We study the multivariate deconvolution problem of recovering the distribution of a signal from independent and identically distributed observations additively contaminated with random errors having known distribution. For errors with ordinary smooth distribution, we recast the multidimensional problem as a one-dimensional problem leveraging the equivalence between the ${\mathit{L}}^1$-Wasserstein and the max-sliced ${\mathit{L}}^1$-Wasserstein metrics and derive an inversion inequality relating the ${\mathit{L}}^1$-Wasserstein distance between two distributions of the signal to the ${\mathit{L}}^1$-distance between the corresponding mixture densities of the observations. This smoothing inequality outperforms existing inversion inequalities.
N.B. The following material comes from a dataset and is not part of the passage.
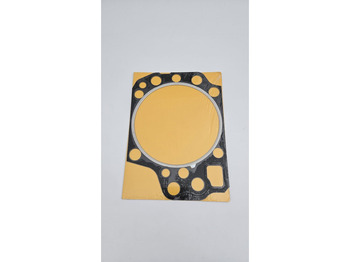 Engine gasket LIEBHERR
We apply it to derive ${\mathit{L}}^1$-Wasserstein rates of convergence for the distribution of the signal. As an application to the Bayesian framework, we consider ${\mathit{L}}^1$-Wasserstein deconvolution with the Laplace noise in dimension one using a Dirichlet process mixture of normal densities as a prior measure for the mixing distribution. We construct an adaptive approximation of the sampling density by convolving the Laplace density with a well-chosen mixture of Gaussian densities and show that the posterior measure contracts at a nearly minimax-optimal rate, up to a log-factor, in the ${\mathit{L}}^1$-distance. The rate automatically adapts to the unknown Sobolev regularity of the mixing density, thus leading to a new Bayesian adaptive estimation procedure over the full scale of regularity levels. We illustrate the utility of the inversion inequality also in a frequentist setting by showing that a minimum distance estimator attains the minimax convergence rates for ${\mathit{L}}^1$-Wasserstein deconvolution in any dimension $\mathit{d}\ge 1$, lower bounds being derived here.